Centers for Medicare and Medicaid Services (CMS) has issued National Coverage Determinations (NCD’s) that affect coverage for treatment done as part of special studies (Coverage with Evidence Development/CED, Medicare approved studies). These changes only apply to members involved in the special studies. The recent NCD changes are as follows:

  • You are having surgery on your lower spine where the surgeon uses a very small incision and surgery is guided with imaging (x-ray) assistance (often referred to as “Percutaneous Image-guided Lumbar Decompression”/PILD).
  • You have a condition where the open spaces of your spine are narrowed and this puts pressure on your spinal cord or nerves (“Lumbar Spinal Stenosis”) and you have not had relief with non-surgical treatments.
  • You meet all the other specified conditions of the Medicare approved study.

These services will only be covered by Medicare if they are provided in a Medicare-approved clinical study under Coverage with Evidence Development (CED). If you think you qualify, speak with your physician.

This summarizes CMS transmittal R196NCD.

This affects services given on or after January 18, 2017
Centers for Medicare and Medicaid Services (CMS) has issued National Coverage Determinations (NCD’s) that affect coverage for treatment done as part of special studies (Coverage with Evidence Development/CED, Medicare approved studies). These changes only apply to members involved in the special studies. The recent NCD changes are as follows:

  • Medicare will cover placement of a “leadless pacemaker” if you are enrolled in a special approved clinical study. A leadless pacemaker is placed without the need for a device pocket and insertion of a pacing lead which are parts of traditional pacing systems. You should speak with your doctor if you think you qualify to be a participant in an approved clinical study to receive this device.”

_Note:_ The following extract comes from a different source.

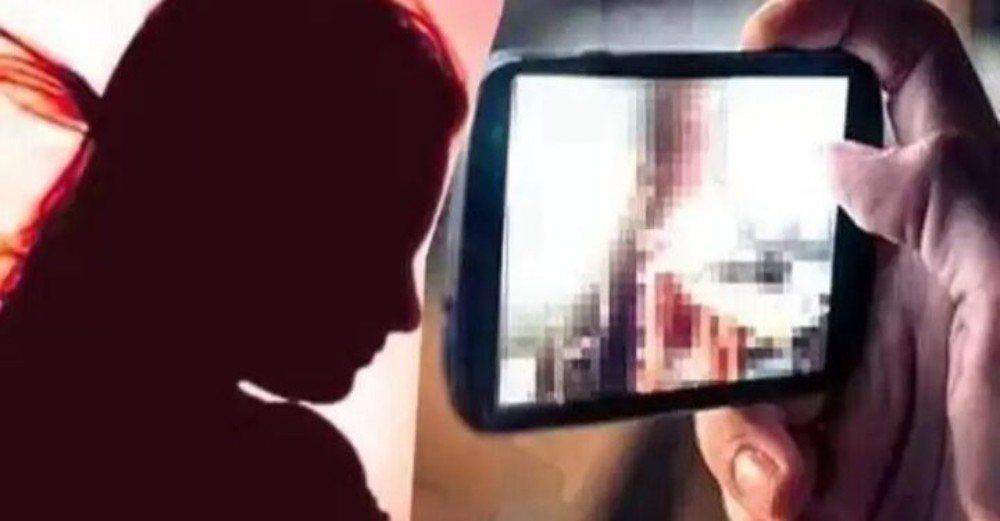 पति ने पत्नी के साथ जबरदस्ती शारीरिक संबंध बनाते हुए बनाया वीडियो, दोस्त ने Pornographic Site पर कर दिया अपलोड, फिर चला अश्लील वीडियो का ‘गंदा खेल’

This summarizes CMS transmittal R201NCD.

This is effective for services on or after May 25, 2017.

The Centers for Medicare and Medicaid Services (CMS) issued an NCD to cover SET for beneficiaries with intermittent claudication (IC) for the treatment of symptomatic PAD.

SET involves the use of intermittent walking exercise, which alternates periods of walking to moderate-to-maximum claudication, with rest. SET has been recommended as the initial treatment for patients suffering from IC, the most common symptom experienced by people with PAD.

The SET program must:

  • Consist of sessions lasting 30-60 minutes, comprising a therapeutic exercise-training program for PAD in patients with claudication
  • Be conducted in a hospital outpatient setting, or a physician’s office
  • Be delivered by qualified auxiliary personnel necessary to ensure benefits exceed harms, and who are trained in exercise therapy for PAD
  • Be under the direct supervision of a physician (as defined in Section 1861(r)(1)) of the Social Security Act (the Act), physician assistant, or nurse practitioner/clinical nurse specialist (as identified in Section 1861(aa)(5) of the Act)) who must be trained in both basic and advanced life support techniques.

This summarizes CMS transmittal R207NCD.